Cinquantuno vincenti. Questo solo dato basterebbe probabilmente a definire strepitosa la seconda partita di Dominic Thiem alle ATP Finals 2019. Il numero assume tutt’altri contorni se si considera che quelle cinquantuno palline senza ritorno sono state scagliate contro Novak Djokovic. Lo stesso austriaco, ora matematicamente qualificato per le semifinali, ha definito questo come il “miglior incontro della sua carriera”. Considerati la superficie, storicamente ostica a Thiem e estremamente favorevole a Nole, e lo stato di forma dell’avversario, probabilmente l’affermazione non suona così esagerata.

Probabilmente è stato il miglior match della mia carriera. È stato un vero classico e un match epico di quelli che capitano di tanto in tanto in questi grandi tornei. Ha avuto tutto quello di cui un match del genere ha bisogno: lui era al massimo, io ero al massimo; lui giocava punti strepitosi, io giocavo punti strepitosi. Penso che l’incontro si meritasse una fine al tiebreak del terzo set. Se due top 10 giocano per due ore e quarantacinque minuti, alla fine molto dipende anche dalla fortuna e questa volta è stata un po’ più dalla mia parte. Sono davvero felice e orgoglioso, perché, come ho detto prima, è stato probabilmente il miglior match della mia carriera”.

Dominic Thiem – ATP Finals 2019 (foto Roberto Zanettin)

I primi due incontri alla O2 Arena di Londra non fanno altro che suggellare una stagione davvero ottima, nella quale Thiem ha mostrato tutti i suoi progressi sulle superfici veloci (come non citare la vittoria a Indian Wells in finale su Roger Federer), ma soprattutto una tenuta mentale e una fiducia in se stesso fuori dal comune.
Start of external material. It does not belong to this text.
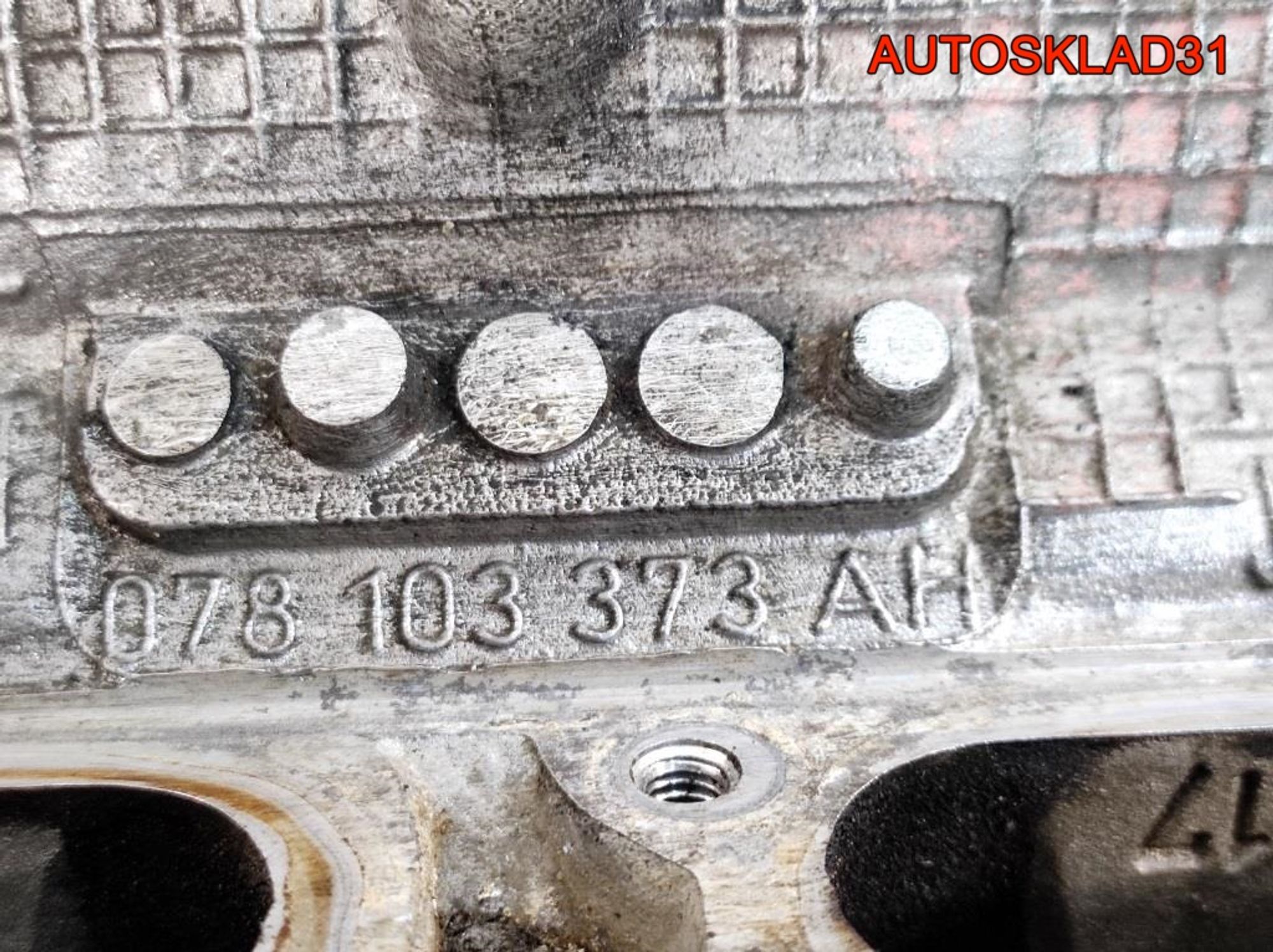 Головка блока левая Audi A6 C5 2,4 ARJ Бензин 078103373AH, 15000 рублей, Дубовое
Nel 2019, l’austriaco vanta un record di 15 vittorie e sole due sconfitte al set decisivo (terzo o quinto che fosse) e non ha mai tremato contro i Top 10: otto a tre il saldo vittorie/sconfitte aggiornato con il successo di ieri. Gli unici primi della classe in grado di fermarlo sono stati Djokovic a Madrid, Nadal in finale al Roland Garros e Medvedev in Canada. Nessuna di esse è particolarmente disonorevole o piena di rimpianti.

Nemmeno davanti ai Big 3 Thiem mostra più alcun timore reverenziale. Probabilmente è uno dei pochi tennisti a non averlo mai fatto sin da giovanissimo, ma adesso entra sempre in campo convinto di vincere e i risultati si vedono. In stagione è avanti 3-0 nei confronti diretti contro Roger Federer (5-2 il totale), 1-1 con Nadal (4-9 il totale) e adesso 2-1 con Djokovic (4-6 il totale, ma Dominic ha vinto quattro degli ultimi cinque confronti).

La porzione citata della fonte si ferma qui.